- [Problem to solve]: Look below for the line with "Line The Label" and the line with "Casarão do século"; repeat exactly those two lines and all lines between them, but no pictures.

- [Provided records]:
Start of Block
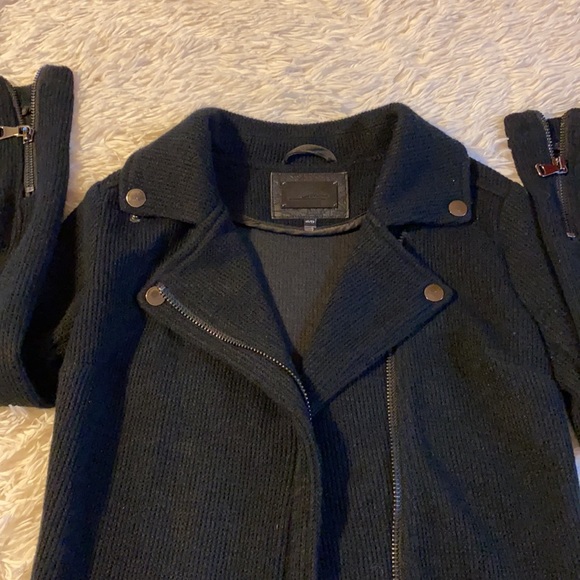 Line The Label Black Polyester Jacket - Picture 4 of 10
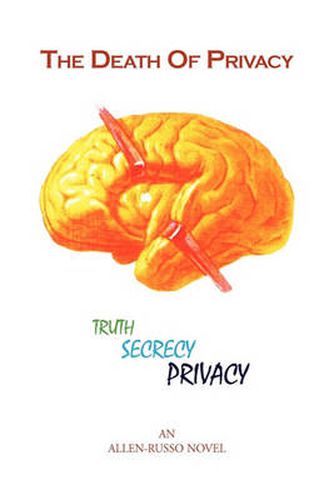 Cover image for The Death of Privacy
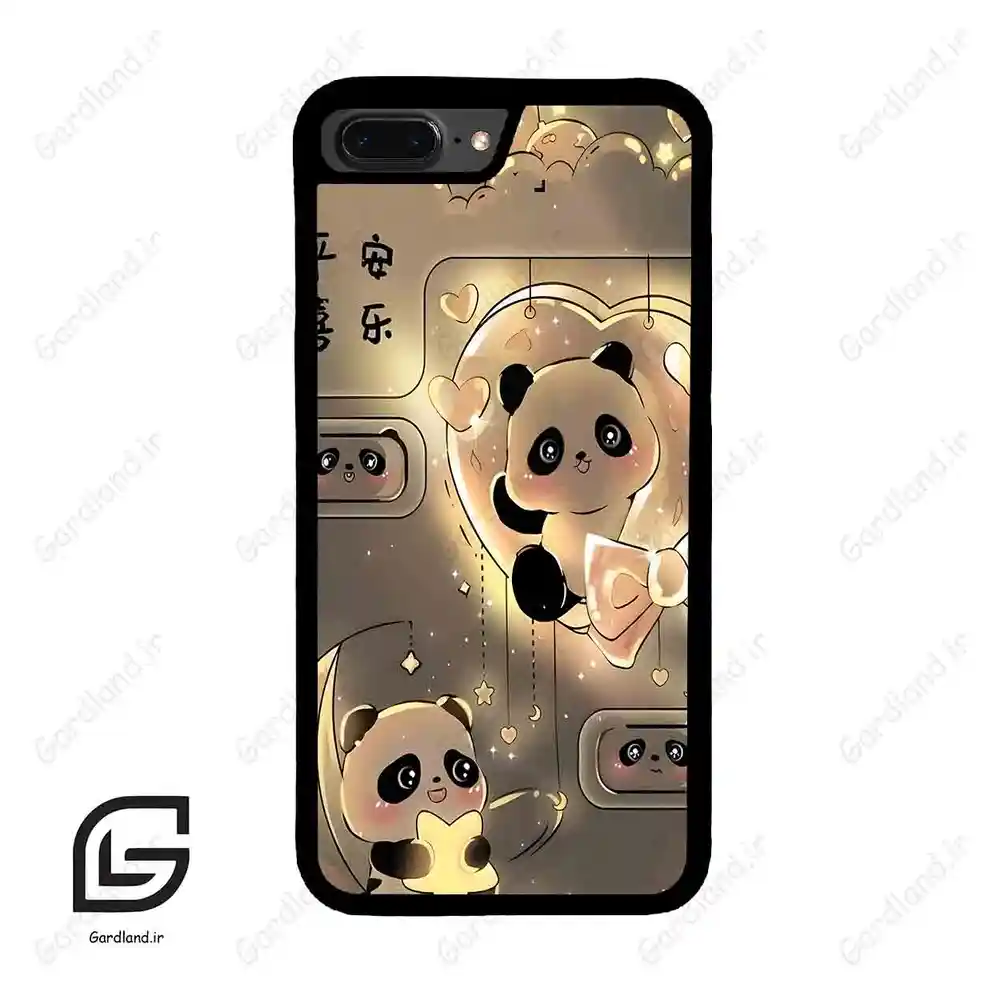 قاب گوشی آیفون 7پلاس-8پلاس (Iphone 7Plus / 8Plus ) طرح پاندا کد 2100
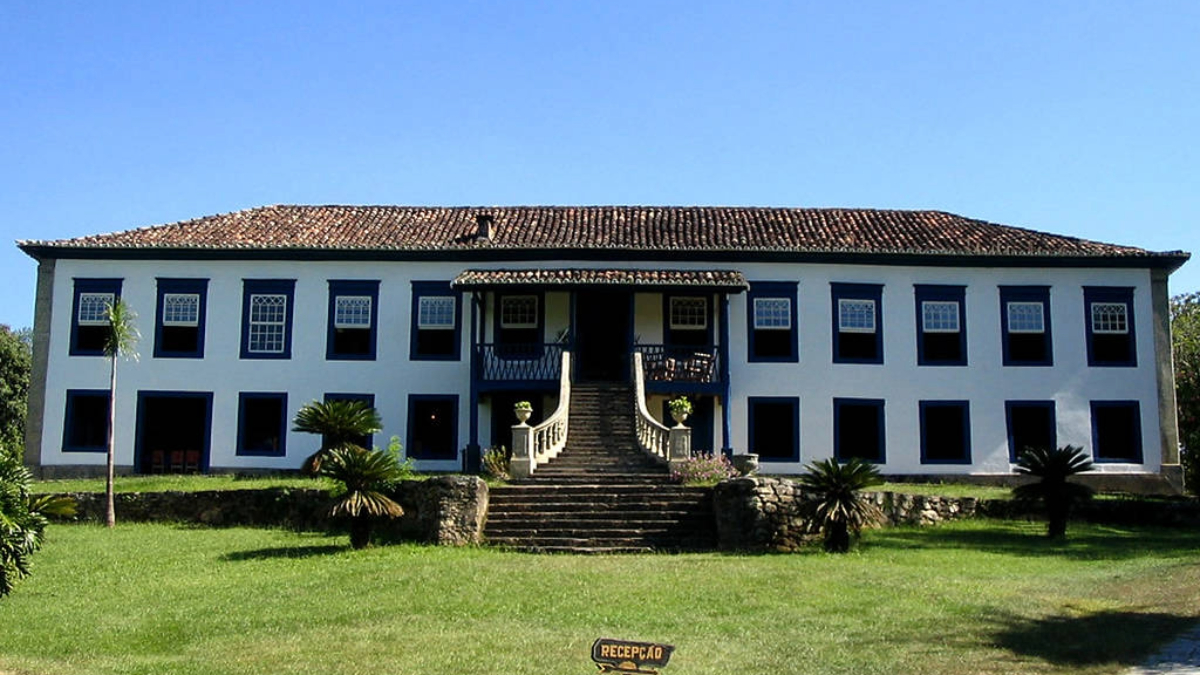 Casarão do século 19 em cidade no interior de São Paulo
End of Block
Start of Block
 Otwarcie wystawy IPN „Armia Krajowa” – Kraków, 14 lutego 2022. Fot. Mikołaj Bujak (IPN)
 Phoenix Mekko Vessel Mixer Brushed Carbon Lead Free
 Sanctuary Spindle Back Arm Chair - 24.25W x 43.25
End of Block
Start of Block
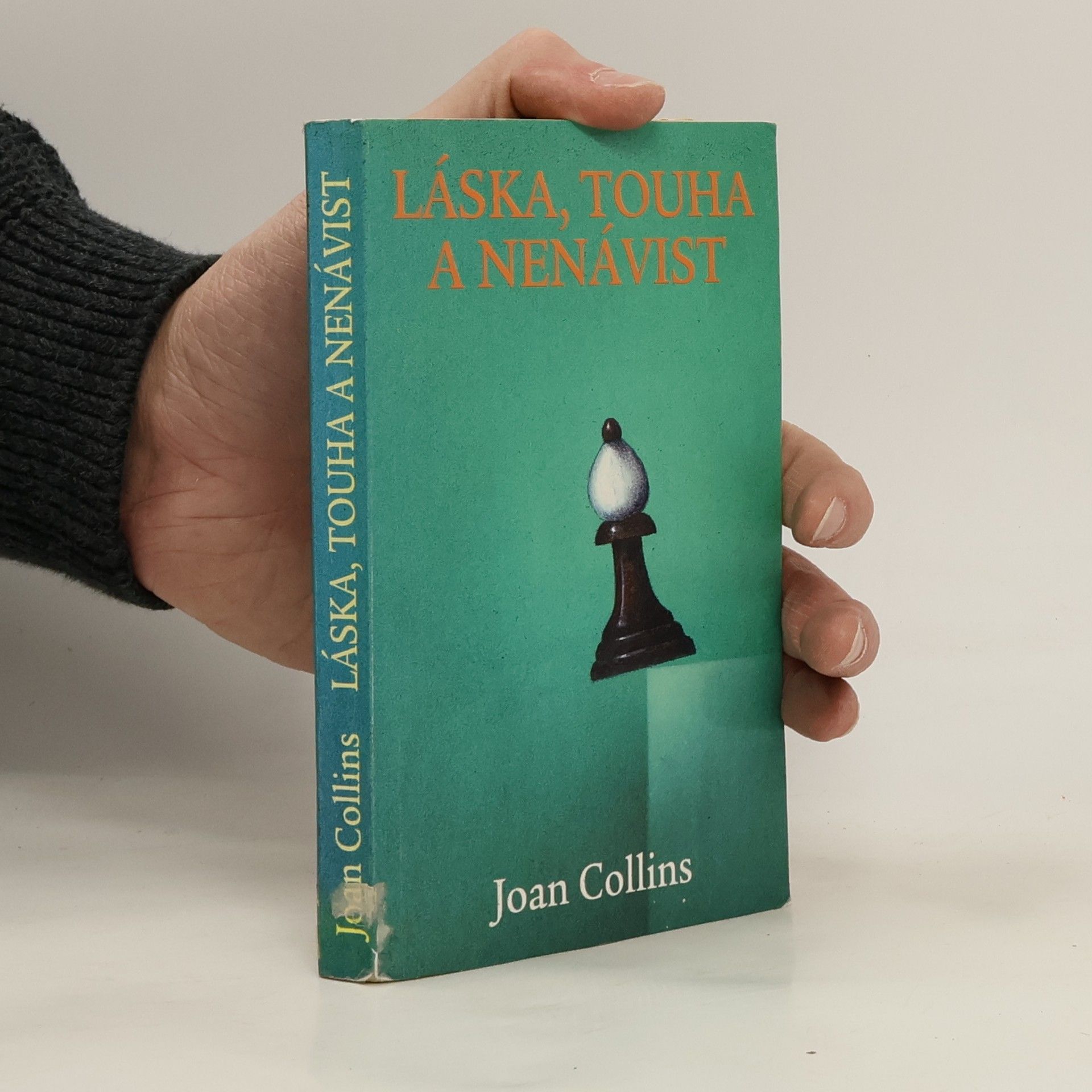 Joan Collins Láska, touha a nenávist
End of Block
- [Answer space]:
 Line The Label Black Polyester Jacket - Picture 4 of 10
 Cover image for The Death of Privacy
 قاب گوشی آیفون 7پلاس-8پلاس (Iphone 7Plus / 8Plus ) طرح پاندا کد 2100
 Casarão do século 19 em cidade no interior de São Paulo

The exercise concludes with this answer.